Pretty much. Long predates WSL1, though, and facing many of the same difficulties that prompted the Windows team to just run Linux in a hypervisor (WSL2).
> facing many of the same difficulties that prompted the Windows team to just run Linux in a hypervisor
How's that?
WSL had serious performance issues due to design differences between linux and NT. Linux and freebsd both being unices, there is no such impedance. Some features (like cgroups) remain unimplemented, true, but there haven't been any big difficulties afaik.
One that comes to mind is FreeBSD's kqueue, which opens a file descriptor for every file watched [1]
So inotify, inotify_add_watch, inotify_rm_watch isn't started. Lots of applications need watching of changes on directories. Even plain old FreeBSD gets messed since a large webpack project is going to chew up way too much.
Namely in WSL1, there were serious issues with package systems like npm, node_modules/ would have file descriptors get clogged, and it took a full system reboot to get WSL working again: https://github.com/microsoft/WSL/issues/1529. WSL2 Fixes it.
Sure, "BSL" doesn't have all the same difficulties as Windows WSL1 had.

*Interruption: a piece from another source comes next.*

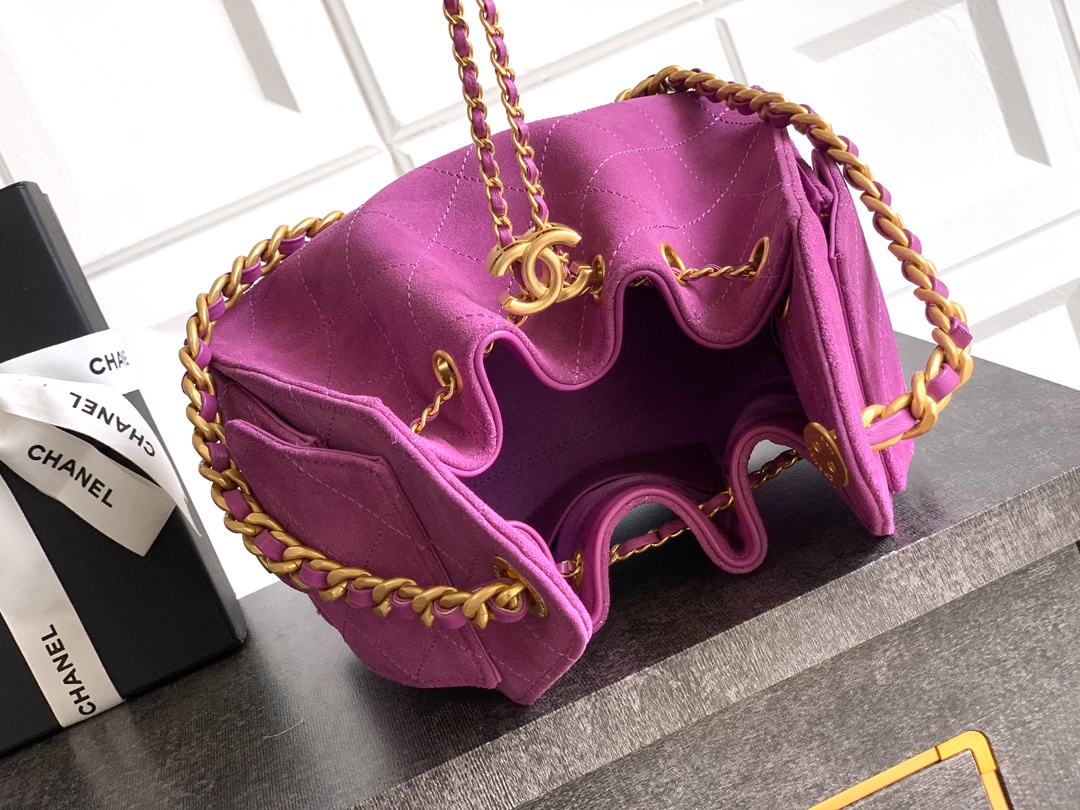 Chanel Basic Bag Gold M-l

There are still design mismatches between FreeBSD and Linux that make implementing Linux features difficult (just for example, compare Linux clone() to FreeBSD fork()), and there are many, many features that remain unimplemented (inotify, cgroups, namespaces, ...).
I agree it's largely "just" a matter of implementing the missing functionality, which has a large surface area and requires building novel infrastructure in the FreeBSD kernel.
I'd say it doesn't have ~90% of the difficulties WSL1 had. From what I remember WSL1 had problems with even most basic functionality, like the filesystem semantics, and never got to support eg DRI for X11.
Regarding clone() - it's rfork(2) you want to compare to, not fork(2). Not the same, sure, but much closer.
(Disclaimer: I'm one of the people working on it, so I'm obviously biased.)